After years traveling the mountains of Guizhou Province in southwest China performing odd jobs, Xie Jincheng recently returned home to showcase his culture in the village's fledgling tourism industry.
"I'll settle down for a couple of years to see how things go," said the 20-something man, a member of the ethnic minority of Yao from Yaoshan Township.
He now works as a guide at a Yao-style tourist spot in Yaoshan, which was developed into a new community accommodating migrants relocated from high-poverty villages of the township.
Xie left because he did not want to waste energy farming a small plot of arid land, which is widely distributed in the mountainous province with the largest poor population in the country. Now, he is thrilled to find a rewarding job in his hometown.
In 2011, over 300 rural Yao households struggled to feed themselves in Yaoshan. Xie's family was among hundreds resettled into the urban community, which boasts better housing and transportation than their previous location.
The new settlers are excited to receive not only brand new subsidized houses and social security benefits, but also jobs they are competent for. The local government set aside funds allowing them to participate in Yao song and dance performances, ethnic handicrafts, and serving ethnic food to boost tourism.
The practice of Yaoshan is deemed as a practical solution for Guizhou as it pushes forward a massive project to move 1 million ethnic minority people, along with 1 million Han people, from harsh environments to urban settlements by 2020.
However, employment remains a hard nut to crack since the people who traditionally live through farming and hunting lack job skills.
Peng Qian, a professor of ethnology with Minzu University of China, said the language barrier constitutes a major challenge for ethnic minority migrants searching for urban jobs.
Friday is China's first "Poverty-Relief Day". A statement released after a central conference on ethnic affairs in late September called for efforts to ensure "leapfrog development" in ethnic regions, where many still live in poverty, via utilization of their "distinctive advantages". It also pledged to speed up urbanization in the regions.

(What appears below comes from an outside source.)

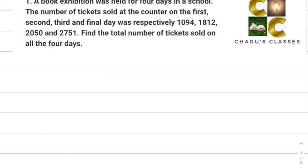Question number 1. A book exhibition was held for 4 days in a school. The number of tickets sold at the counter on the 1st, 2nd, 3rd and final day was respectively 1094, 1812, 2050 and 2751. Find the total number of tickets sold on all the 4 days.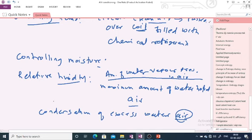An air conditioner in a room or car works by collecting the hot air from the given space, processing it, and releasing the cool air into the same space where the hot air has been collected. Cool air is your output, hot air is your input. This process is primarily done using five components.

Wang Yingzheng, who heads Guizhou's migration project, said planners will copy the success of Yaoshan and build more settlements whose pillar industry is ethnic culture tourism
While young people are longing for the city life, many of the older generation resist the change. Living in the new settlement in Yaoshan, 24-year-old Xie Changmei who works in the local troupe and her chef husband made about 6,000 yuan a month (about 980 U.S. dollars). However, her husband's parents, after a lifetime of farming, clung to their shabby wooden house in the mountain, feeling out of place in the town.
SPIRITUAL HOME
For many ethnic minority migrants, houses and jobs are not enough to lead a new life. Professor Peng Qian said the migrants' religious traditions must be respected.
Leaders attending the September central conference urged absolute opposition against Han chauvinism.
Ma Hongliang, 52, is eagerly awaiting a mosque in the new community he moved to last year. His new home is about 500 km from his old residence in Xihaigu region, which was declared "uninhabitable" for humans by visiting experts from the United Nations in 1982.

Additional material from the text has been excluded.